Dans une chronique savoureuse dont il a le secret, François Morel racontait qu'un jour en loges avec Jean Rochefort et Jean-Pierre Marielle, une télé allumée montrait Frédéric Mitterrand qui discourait.

Marielle : qu'est-ce qu'il fout là, celui-là ? 

Rochefort : bah, c'est notre ministre ! Le nouveau ministre de la culture.

Marielle : Sans déconner ! 

Et Morel de gloser sur les registres de "sans déconner", ni outrancier ni feint, simplement une forme de sidération redoutant d'être bientôt dépassée par une blague plus grosse encore.

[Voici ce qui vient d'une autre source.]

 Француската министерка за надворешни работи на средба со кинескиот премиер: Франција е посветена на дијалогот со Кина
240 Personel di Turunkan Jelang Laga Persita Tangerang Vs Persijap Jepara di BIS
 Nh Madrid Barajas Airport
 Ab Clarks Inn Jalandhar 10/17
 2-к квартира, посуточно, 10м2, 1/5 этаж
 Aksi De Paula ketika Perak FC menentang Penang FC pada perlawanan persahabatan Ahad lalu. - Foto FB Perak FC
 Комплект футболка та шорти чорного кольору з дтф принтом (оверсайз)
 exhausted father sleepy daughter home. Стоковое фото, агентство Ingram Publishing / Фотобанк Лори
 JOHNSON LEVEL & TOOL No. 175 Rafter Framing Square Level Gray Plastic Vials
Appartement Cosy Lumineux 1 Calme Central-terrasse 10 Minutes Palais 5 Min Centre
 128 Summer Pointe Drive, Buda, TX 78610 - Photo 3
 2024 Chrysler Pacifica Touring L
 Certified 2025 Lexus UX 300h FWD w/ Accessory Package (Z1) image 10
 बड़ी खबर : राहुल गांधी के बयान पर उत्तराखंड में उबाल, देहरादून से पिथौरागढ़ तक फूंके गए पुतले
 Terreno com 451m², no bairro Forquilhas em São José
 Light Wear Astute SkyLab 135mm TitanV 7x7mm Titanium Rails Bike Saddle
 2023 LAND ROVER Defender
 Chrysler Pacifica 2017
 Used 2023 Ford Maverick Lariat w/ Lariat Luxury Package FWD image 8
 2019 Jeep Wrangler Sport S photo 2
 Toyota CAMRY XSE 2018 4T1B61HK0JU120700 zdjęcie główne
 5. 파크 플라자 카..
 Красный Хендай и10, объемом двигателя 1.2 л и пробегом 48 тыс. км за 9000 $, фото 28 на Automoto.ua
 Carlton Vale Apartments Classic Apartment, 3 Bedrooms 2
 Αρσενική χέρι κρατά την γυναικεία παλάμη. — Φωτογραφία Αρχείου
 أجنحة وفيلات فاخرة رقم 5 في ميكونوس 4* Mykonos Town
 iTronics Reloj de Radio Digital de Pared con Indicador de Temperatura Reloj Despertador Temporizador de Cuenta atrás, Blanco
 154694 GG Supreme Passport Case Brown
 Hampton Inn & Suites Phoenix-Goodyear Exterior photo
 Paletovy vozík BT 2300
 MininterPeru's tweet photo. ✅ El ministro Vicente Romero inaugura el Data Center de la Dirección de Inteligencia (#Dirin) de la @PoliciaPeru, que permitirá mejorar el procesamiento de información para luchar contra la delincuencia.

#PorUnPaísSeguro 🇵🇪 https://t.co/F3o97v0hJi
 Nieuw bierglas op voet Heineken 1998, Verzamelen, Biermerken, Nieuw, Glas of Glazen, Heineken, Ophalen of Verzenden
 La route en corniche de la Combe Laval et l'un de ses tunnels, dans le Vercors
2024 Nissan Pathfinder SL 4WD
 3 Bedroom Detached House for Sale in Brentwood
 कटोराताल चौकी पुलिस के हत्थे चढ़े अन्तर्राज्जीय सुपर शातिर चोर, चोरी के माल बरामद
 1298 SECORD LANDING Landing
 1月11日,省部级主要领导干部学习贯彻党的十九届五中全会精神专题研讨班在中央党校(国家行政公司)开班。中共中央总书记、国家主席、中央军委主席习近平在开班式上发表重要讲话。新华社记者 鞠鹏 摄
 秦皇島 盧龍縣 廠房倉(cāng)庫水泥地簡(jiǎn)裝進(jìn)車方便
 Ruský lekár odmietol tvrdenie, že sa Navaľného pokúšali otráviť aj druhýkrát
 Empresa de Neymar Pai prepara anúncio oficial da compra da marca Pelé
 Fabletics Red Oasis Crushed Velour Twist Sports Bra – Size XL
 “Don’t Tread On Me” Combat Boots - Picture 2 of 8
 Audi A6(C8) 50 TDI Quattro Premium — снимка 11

Et bien c'est exactement ce que j'ai ressenti, hier, en apprenant qu'Agnès Buzyn était nommée au cabinet du directeur de l'OMS. Agnès Buzyn, celle la même qui a quitté le ministère de la santé pour la mairie de Paris en février, pensant que la pandémie n'arriverait pas en France, promue au sein d'une instance mondiale. Agnès Buzyn n'est évidemment pas dépourvue de qualités professionnelles, mais pourquoi diantre ne redevient-elle pas médecin ? Pourquoi ne va-t-elle pas diriger une clinique privée, faire profil bas, retourner au contact de malades ? 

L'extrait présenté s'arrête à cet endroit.